Ditempat yang sama, Sekjen Inspektorat Kementrian Dalam Negeri, Sri Wahyuni mengatakan, Perjanjian kerjasama atau Memorandum of Understanding (MoU) yang dilakukan Inspektorat Jenderal Kementerian Dalam Negeri dengan Bareskrim Polri dan Kejaksaan Agung, bukan untuk melindungi koruptor.?

"Namun, MoU ini untuk memberikan batasan yang jelas terkait klasifikasi administrasi dan pidana yang berasal dari sebuah materi pengaduan masyarakat. Jadi, APIP dan aparat penegak hukum, dalam hal ini pihak kepolisian dan kejaksaan sepakat untuk memberikan kriteria administrasi sebuah pengaduan masyarakat," tuturnya.

Perlu diperjelas, katanya, sesuai dengan Pasal 7 ayat (5) huruf b (MoU) menyatakan apabila terdapat kerugian negara atau daerah dan telah diproses melalui tuntutan ganti rugi atau tuntutan perbendaharaan paling lambat 60 hari sejak laporan hasil pemeriksaan APIP atau BPK diterima oleh pejabat atau ditindaklanjuti dan dinyatakan selesai oleh APIP atau BPK.

Dengan adanya perjanjian kerjasama ini, katanya akan mengatur ?koordinasi APIP dan aparat penegak hukum dilakukan pada tahapan penyelidikan suatu pengaduan masyarakat. Dan tidak berlaku apabila tertangkap tangan atau OTT.?

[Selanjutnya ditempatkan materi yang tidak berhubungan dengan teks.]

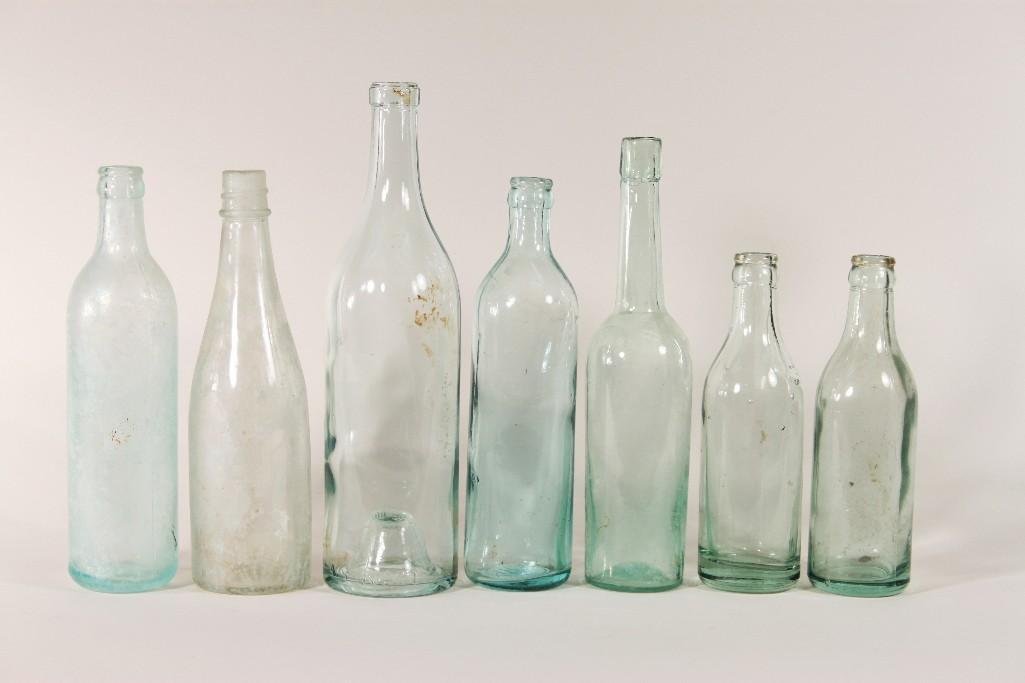 Vintage Glass Bottles (7): Green and aqua glass bottles, some are hand blown, in good condition for age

"Sehingga apabila aparat penegak hukum dalam menangani suatu laporan masyarakat dan kemudian setelah dilakukan penyidikan, ?seseorang ditetapkan menjadi tersangka, maka tidak berlaku mekanisme koordinasi APIP dan aparat penegak hukum seperti yang tertuang dalam MoU," katanya.

Hal yang sama apabila seseorang sudah ditetapkan tersangka atau tertangkap tangan melakukan korupsi, maka tindakan pidana jalan terus dan tidak dapat diklasifikasikan administrasi meskipun yang bersangkutan telah melakukan pengembalian keuangan negara.

"Jadi kesimpulannya, tidak benar dan tak beralasan, MoU antara APIP dengan aparat penegak hukum dijadikan alasan untuk mengampuni seorang tersangka koruptor hanya karena telah mengembalikan keuangan negara," katanya.